If you are not really set on a specific model yet, then this experience may turn out to be okay. However, if you do have your heart set on another model, then it may be better for you to order your dream car from the factory.
3. Dealership visits
As mentioned previously, buying a new car is a big step. However, this can be affected by your emotions. You will be spending so much time on your car even before you own it. You will be investing time in looking for the right model and applying for car financing. A car can also serve as an expression of yourself. It will become a part of your identity.
When you go for an all-day dealership visit, dealers may take advantage of your emotional attachment to owning a car. Since you are excited and overwhelmed, you might forget that you have the right to walk away at any point of the discussion.

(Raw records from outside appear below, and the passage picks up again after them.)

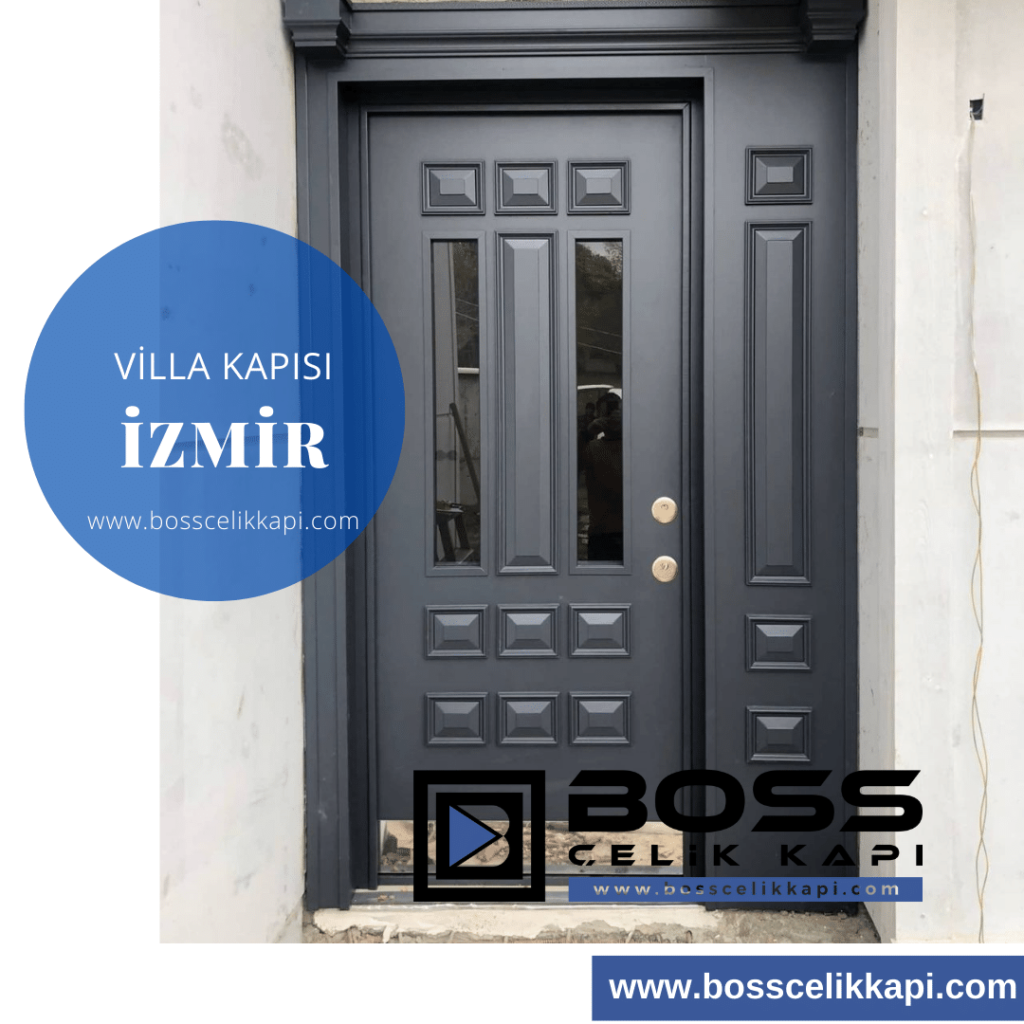 İzmir Villa Kapısı Modelleri Fiyatları Boss Çelik Kapı Pivot Villa Kapısı İndirimli Dış Kapılar
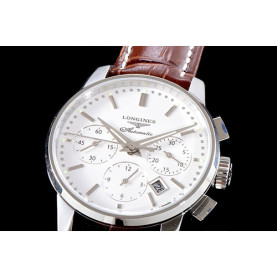 LONGINES 론진 칼럼-1 크로노그라프 L2.733.4.72.2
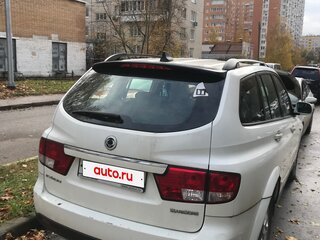 2011 SsangYong Kyron I Рестайлинг, белый, 750000 рублей, вид 3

Greedy car dealers or agents may claim a lot of things like having to get the car you want from an offsite lot so that they can make you wait longer—they will try to wear you down enough to make you say yes to everything. When they see that you are willing to say yes to just about anything, that is when they will try to upsell. Keep in mind that you can always walk away.
4. Surprise provisions
If you are considering leasing a car, then you should be wary of offers that are too good to be true. If you see an ad for a lease with a low monthly payment, then it is probably a very low mileage lease with a high down payment. Make sure that you read the contract before you get yourself excited about a car lease.
5. Hidden damages on used cars
If a dishonest dealer does not mention hidden charges for your new car, they probably won’t let you know about any damage that their used vehicles have suffered either. When buying a used car, you need to do more than just a quick glance under the hood. You need to find out the history of the used vehicle being sold to you. Check if the car came from out of state or if it suffered flood damages.
6. Dealers who pretend to be private sellers
You know that car dealers are partial to the dealership that they are working with and, of course, they will do everything to make a sale! This includes pretending to be a private seller on buy and sell platforms.
7. Holding all the cards for trade-ins
This happens when you walk into a dealership and show them all your cards there and then. Once you hand over your car for the trade-in and inform them which car you want to buy, they can use dealer leverage against you. Make sure that you leave your trade-in vehicle out of the equation to preserve your advantage.
8. Offers that are too good to be true
If an offer is too good to be true, then follow your guts and run away. For example, some dealers or sellers might advertise a car online for much less than what you perceive its value should be. Then they will add a sob story, which tells you why they need to sell it right away. Then just when you need to wire the dealer money, you find out that the car is a mess and it is simply out of shape.
Now you know how individual buyers are scam-magnets in the market. If possible, it is recommended that you choose to work with a trustworthy Sydney car broker instead of managing the process on your own. However, if you can’t hire one you, at least, need to be alert. Check important details such as the car warranty, and don’t give in to sales talk or pressure.